## Your task
Make an exact copy of the entries below.

## Data entries
* * * * *
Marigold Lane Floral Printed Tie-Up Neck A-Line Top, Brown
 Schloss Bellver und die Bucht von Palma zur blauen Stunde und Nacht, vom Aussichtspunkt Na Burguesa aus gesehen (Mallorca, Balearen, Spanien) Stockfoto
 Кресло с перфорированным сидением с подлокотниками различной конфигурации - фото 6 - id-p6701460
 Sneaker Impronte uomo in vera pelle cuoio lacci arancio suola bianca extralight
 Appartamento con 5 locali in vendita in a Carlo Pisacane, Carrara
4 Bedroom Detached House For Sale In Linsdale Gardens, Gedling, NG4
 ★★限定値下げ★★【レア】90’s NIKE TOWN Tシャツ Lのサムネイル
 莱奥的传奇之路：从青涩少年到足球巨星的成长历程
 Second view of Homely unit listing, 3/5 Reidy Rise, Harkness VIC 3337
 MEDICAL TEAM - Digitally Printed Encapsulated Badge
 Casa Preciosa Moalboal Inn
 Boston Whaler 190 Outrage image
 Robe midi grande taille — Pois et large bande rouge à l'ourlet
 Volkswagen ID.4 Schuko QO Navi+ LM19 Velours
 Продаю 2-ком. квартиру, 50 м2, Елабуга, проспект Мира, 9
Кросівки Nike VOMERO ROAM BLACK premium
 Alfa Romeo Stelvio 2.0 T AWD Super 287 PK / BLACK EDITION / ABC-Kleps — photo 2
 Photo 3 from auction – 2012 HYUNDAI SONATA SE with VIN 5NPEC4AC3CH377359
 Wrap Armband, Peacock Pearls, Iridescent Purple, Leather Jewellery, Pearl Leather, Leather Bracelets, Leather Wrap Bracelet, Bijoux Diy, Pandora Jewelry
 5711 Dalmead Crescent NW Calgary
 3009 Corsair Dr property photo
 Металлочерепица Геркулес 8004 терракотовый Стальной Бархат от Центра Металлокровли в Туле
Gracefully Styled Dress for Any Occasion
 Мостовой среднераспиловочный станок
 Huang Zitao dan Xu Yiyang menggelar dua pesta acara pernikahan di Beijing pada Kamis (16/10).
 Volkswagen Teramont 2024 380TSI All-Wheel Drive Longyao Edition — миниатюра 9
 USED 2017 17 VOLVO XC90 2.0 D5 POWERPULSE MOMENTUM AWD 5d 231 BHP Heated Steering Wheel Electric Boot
* * * * *
## Solved problem
Marigold Lane Floral Printed Tie-Up Neck A-Line Top, Brown
 Schloss Bellver und die Bucht von Palma zur blauen Stunde und Nacht, vom Aussichtspunkt Na Burguesa aus gesehen (Mallorca, Balearen, Spanien) Stockfoto
 Кресло с перфорированным сидением с подлокотниками различной конфигурации - фото 6 - id-p6701460
 Sneaker Impronte uomo in vera pelle cuoio lacci arancio suola bianca extralight
 Appartamento con 5 locali in vendita in a Carlo Pisacane, Carrara
4 Bedroom Detached House For Sale In Linsdale Gardens, Gedling, NG4
 ★★限定値下げ★★【レア】90’s NIKE TOWN Tシャツ Lのサムネイル
 莱奥的传奇之路：从青涩少年到足球巨星的成长历程
 Second view of Homely unit listing, 3/5 Reidy Rise, Harkness VIC 3337
 MEDICAL TEAM - Digitally Printed Encapsulated Badge
 Casa Preciosa Moalboal Inn
 Boston Whaler 190 Outrage image
 Robe midi grande taille — Pois et large bande rouge à l'ourlet
 Volkswagen ID.4 Schuko QO Navi+ LM19 Velours
 Продаю 2-ком. квартиру, 50 м2, Елабуга, проспект Мира, 9
Кросівки Nike VOMERO ROAM BLACK premium
 Alfa Romeo Stelvio 2.0 T AWD Super 287 PK / BLACK EDITION / ABC-Kleps — photo 2
 Photo 3 from auction – 2012 HYUNDAI SONATA SE with VIN 5NPEC4AC3CH377359
 Wrap Armband, Peacock Pearls, Iridescent Purple, Leather Jewellery, Pearl Leather, Leather Bracelets, Leather Wrap Bracelet, Bijoux Diy, Pandora Jewelry
 5711 Dalmead Crescent NW Calgary
 3009 Corsair Dr property photo
 Металлочерепица Геркулес 8004 терракотовый Стальной Бархат от Центра Металлокровли в Туле
Gracefully Styled Dress for Any Occasion
 Мостовой среднераспиловочный станок
 Huang Zitao dan Xu Yiyang menggelar dua pesta acara pernikahan di Beijing pada Kamis (16/10).
 Volkswagen Teramont 2024 380TSI All-Wheel Drive Longyao Edition — миниатюра 9
 USED 2017 17 VOLVO XC90 2.0 D5 POWERPULSE MOMENTUM AWD 5d 231 BHP Heated Steering Wheel Electric Boot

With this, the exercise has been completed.